*** Extracted data ***
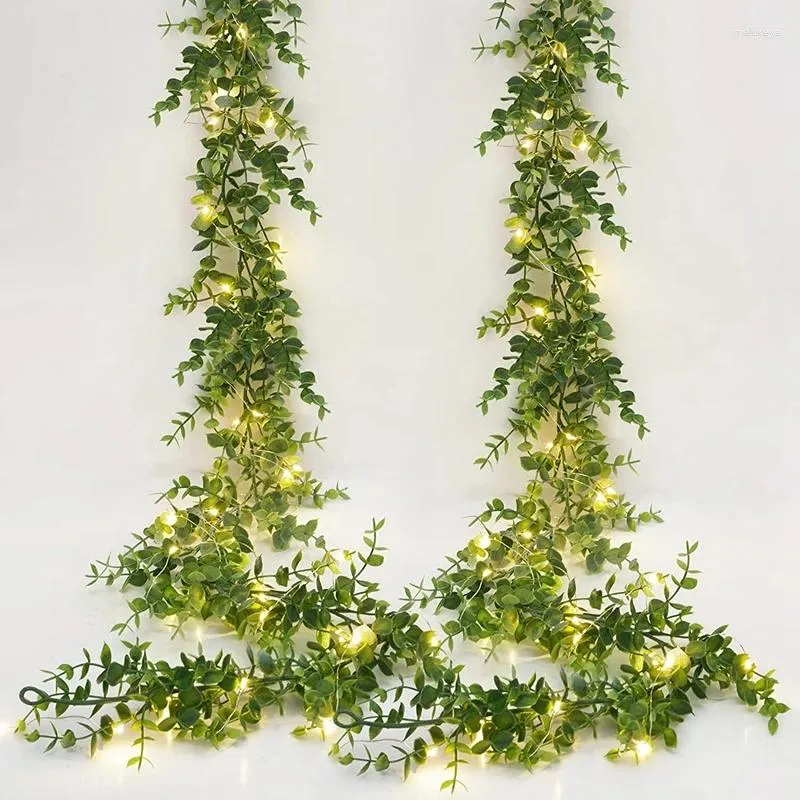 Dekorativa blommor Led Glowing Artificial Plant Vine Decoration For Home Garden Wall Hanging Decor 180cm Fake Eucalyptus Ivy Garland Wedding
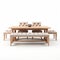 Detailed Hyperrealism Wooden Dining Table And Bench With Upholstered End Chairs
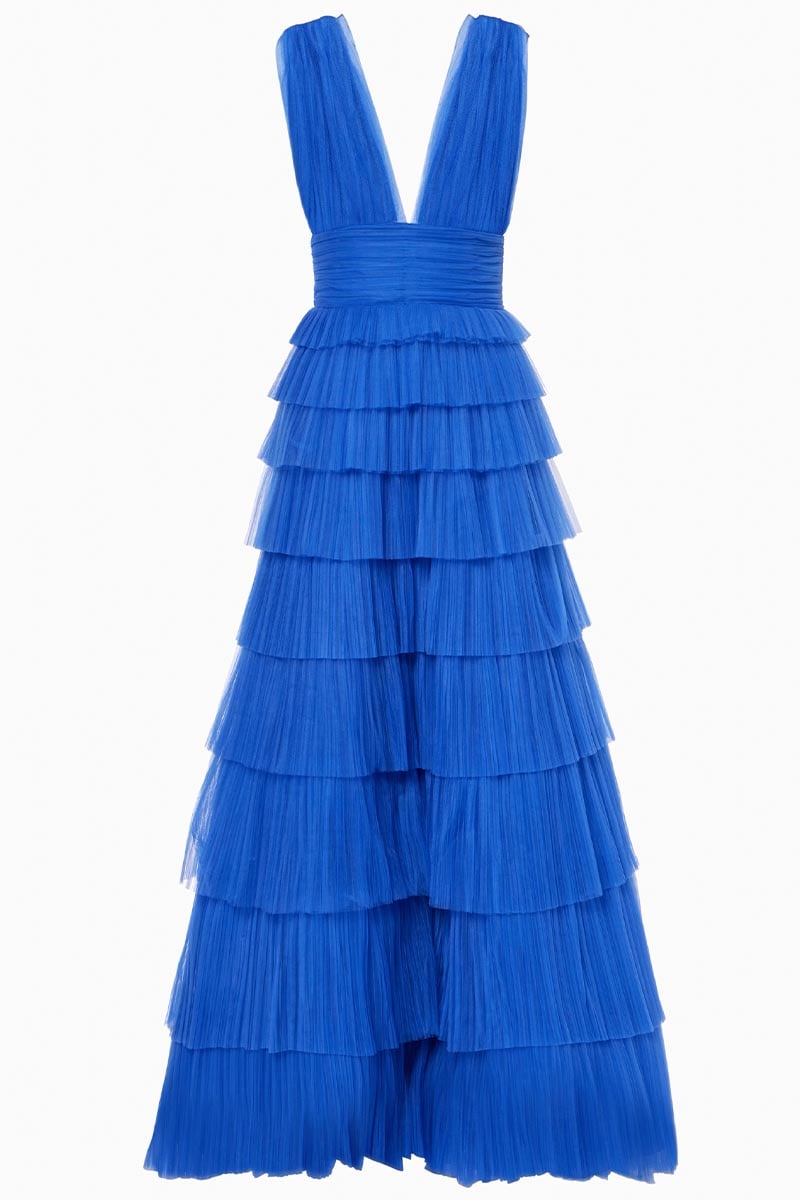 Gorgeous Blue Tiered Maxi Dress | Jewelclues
***
*** Extracted data ***
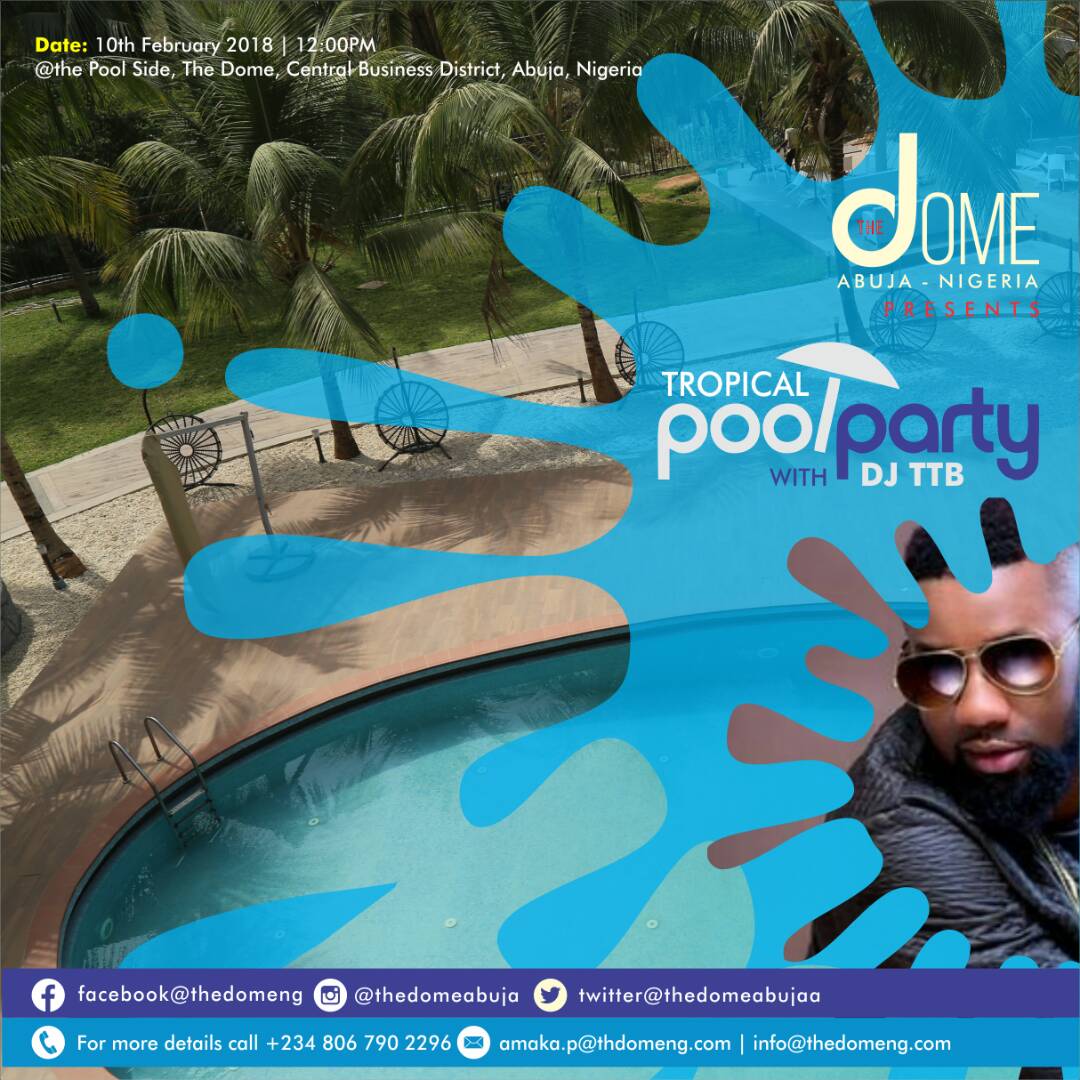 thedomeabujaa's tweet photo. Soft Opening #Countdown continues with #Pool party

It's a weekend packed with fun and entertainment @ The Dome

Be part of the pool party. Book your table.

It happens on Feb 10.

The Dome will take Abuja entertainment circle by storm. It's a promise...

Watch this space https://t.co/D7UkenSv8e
***
> **Task details**: Look back over the records above. Reproduce exactly everything from the line with "Dekorativa blommor Led" down to the line with "Gorgeous Blue Tiered Maxi Dress | Jewelclues", inclusive, and leave the pictures out.

> **Answer section**:
 Dekorativa blommor Led Glowing Artificial Plant Vine Decoration For Home Garden Wall Hanging Decor 180cm Fake Eucalyptus Ivy Garland Wedding
 Detailed Hyperrealism Wooden Dining Table And Bench With Upholstered End Chairs
 Gorgeous Blue Tiered Maxi Dress | Jewelclues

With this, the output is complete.